Divertissements

"Je ne serai jamais aussi bon que lui" : Steven Spielberg reconnaît que ce réalisateur est meilleur que lui et qu'il a essayé de l'imiter

temps de lecture  2 minutes

Personne n'a été nominé aux Oscars autant de fois que lui. Et ce n'est pas pour rien que ce réalisateur est probablement le seul qui peut donner des complexes à Steven Spielberg.

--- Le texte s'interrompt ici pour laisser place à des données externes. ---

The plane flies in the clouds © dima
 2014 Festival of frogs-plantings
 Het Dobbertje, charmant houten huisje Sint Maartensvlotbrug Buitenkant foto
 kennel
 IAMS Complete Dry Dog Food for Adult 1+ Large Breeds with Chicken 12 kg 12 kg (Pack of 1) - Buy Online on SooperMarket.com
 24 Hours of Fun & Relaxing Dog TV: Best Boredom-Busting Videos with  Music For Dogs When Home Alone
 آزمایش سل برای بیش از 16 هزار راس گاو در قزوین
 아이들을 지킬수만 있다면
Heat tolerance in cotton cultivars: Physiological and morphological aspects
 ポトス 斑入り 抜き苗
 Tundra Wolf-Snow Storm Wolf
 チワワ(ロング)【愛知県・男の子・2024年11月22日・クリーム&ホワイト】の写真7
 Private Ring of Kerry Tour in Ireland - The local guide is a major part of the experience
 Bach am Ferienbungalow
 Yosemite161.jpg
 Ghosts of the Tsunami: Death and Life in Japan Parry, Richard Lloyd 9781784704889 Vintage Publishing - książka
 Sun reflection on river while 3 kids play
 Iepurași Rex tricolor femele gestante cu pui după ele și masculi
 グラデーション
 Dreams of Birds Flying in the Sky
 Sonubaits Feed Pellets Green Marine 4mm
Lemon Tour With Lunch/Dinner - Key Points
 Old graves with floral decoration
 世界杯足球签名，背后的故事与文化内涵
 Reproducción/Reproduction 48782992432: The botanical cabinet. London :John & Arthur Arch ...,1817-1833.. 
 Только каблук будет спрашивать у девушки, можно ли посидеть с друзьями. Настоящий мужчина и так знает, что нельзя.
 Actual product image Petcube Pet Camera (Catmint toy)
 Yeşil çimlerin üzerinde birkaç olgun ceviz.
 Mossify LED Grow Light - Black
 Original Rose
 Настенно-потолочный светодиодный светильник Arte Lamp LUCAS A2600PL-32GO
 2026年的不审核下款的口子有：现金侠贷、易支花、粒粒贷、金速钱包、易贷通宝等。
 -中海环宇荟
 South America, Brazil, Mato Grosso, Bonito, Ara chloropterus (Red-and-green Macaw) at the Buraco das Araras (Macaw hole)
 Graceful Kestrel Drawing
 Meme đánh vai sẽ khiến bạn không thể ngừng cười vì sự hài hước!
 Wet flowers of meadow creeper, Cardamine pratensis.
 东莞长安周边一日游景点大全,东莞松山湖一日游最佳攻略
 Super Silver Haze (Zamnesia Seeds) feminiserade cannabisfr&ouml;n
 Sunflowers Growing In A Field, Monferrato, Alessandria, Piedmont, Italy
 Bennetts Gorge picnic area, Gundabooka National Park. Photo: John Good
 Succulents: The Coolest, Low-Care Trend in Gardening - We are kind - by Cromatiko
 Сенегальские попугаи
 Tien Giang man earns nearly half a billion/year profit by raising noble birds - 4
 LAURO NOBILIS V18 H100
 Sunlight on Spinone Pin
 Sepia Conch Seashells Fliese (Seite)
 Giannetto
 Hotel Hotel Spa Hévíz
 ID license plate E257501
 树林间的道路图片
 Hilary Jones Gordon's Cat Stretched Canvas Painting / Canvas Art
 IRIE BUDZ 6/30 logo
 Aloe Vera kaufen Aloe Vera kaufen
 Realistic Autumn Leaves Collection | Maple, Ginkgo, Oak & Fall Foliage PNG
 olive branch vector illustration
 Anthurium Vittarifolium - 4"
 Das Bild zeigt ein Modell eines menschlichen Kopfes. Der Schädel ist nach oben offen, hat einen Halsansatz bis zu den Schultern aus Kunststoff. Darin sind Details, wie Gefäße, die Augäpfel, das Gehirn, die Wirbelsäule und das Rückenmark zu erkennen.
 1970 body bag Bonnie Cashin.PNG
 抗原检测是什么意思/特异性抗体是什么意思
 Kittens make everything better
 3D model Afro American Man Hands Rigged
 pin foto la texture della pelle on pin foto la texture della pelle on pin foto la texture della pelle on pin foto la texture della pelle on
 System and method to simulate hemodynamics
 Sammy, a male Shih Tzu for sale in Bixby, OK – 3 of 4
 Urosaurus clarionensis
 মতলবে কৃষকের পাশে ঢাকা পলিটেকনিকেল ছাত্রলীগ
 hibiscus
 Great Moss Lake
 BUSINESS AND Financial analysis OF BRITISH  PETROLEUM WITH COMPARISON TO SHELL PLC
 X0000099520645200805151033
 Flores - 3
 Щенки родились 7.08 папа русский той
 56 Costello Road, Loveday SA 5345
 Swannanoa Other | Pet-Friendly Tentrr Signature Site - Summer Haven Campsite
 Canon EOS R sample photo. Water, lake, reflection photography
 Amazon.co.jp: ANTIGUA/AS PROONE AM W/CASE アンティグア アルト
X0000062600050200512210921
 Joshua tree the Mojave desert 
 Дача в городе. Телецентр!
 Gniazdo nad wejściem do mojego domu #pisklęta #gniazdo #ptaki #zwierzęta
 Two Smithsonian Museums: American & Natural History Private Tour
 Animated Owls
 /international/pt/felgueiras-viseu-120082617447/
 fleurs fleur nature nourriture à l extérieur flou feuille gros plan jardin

La bande-annonce de Ready Player One. Le film va avoir une suite, mais Steven Spielberg a refusé de la réaliser... - © Vidéo : Warner Bros / Photo : AGENCE / BESTIMAGE

Steven Spielberg est l'un des réalisateurs les plus appréciés de l'histoire du cinéma. Ses films ont marqué des millions de spectateurs et il est considéré comme l'un des plus grands d'Hollywood. Cependant, il considère que d'autres cinéastes le surpassent, estimant même qu'il ne sera jamais aussi bon que l'un d'eux.

Le réalisateur que Steven Spielberg tient en si haute estime est William Wyler, à l'origine de films comme Ben-Hur, Les Plus Belles Années de notre vie et Madame Miniver. Et je n'ai pas choisi ces trois films au hasard, car Wyler a remporté l'Oscar du meilleur réalisateur pour chacun d'eux, après avoir été nommé pour ce même prix à neuf autres reprises. Personne n'a été nommé autant de fois à l'Oscar du meilleur réalisateur que lui.

"C'était quelque chose que je voulais toujours"La passion de Steven Spielberg pour lui l'a amené à déclarer au Herald-Times : "parmi mes réalisateurs préférés, il y a William Wyler, qui n'a jamais connu le même sort. J'ai toujours admiré ces réalisateurs capables de se réinventer stylistiquement de manière aussi radicale".

Le réalisateur de films comme Les Dents de la mer et Les Aventuriers de l'arche perdue reconnaît également : "Je ne serai jamais un aussi bon réalisateur que William Wyler, mais être aussi éclectique que lui, c'était ce que j'ai toujours voulu". Et je ne pense pas que quiconque puisse contester que Spielberg ait essayé de faire des films très différents tout au long de sa longue carrière.

Pour Spielberg, l'une des plus grandes vertus d'un réalisateur est de ne pas être catalogué, et ceux qui y sont parvenus "étaient les réalisateurs que j'admirais". Il utilise cet argument pour expliquer pourquoi il a réalisé deux longs métrages aussi opposés que Ready Player One et Pentagon Papers en si peu de temps, alors qu'il l'avait déjà fait par le passé avec Jurassic Park et La Liste de Schindler.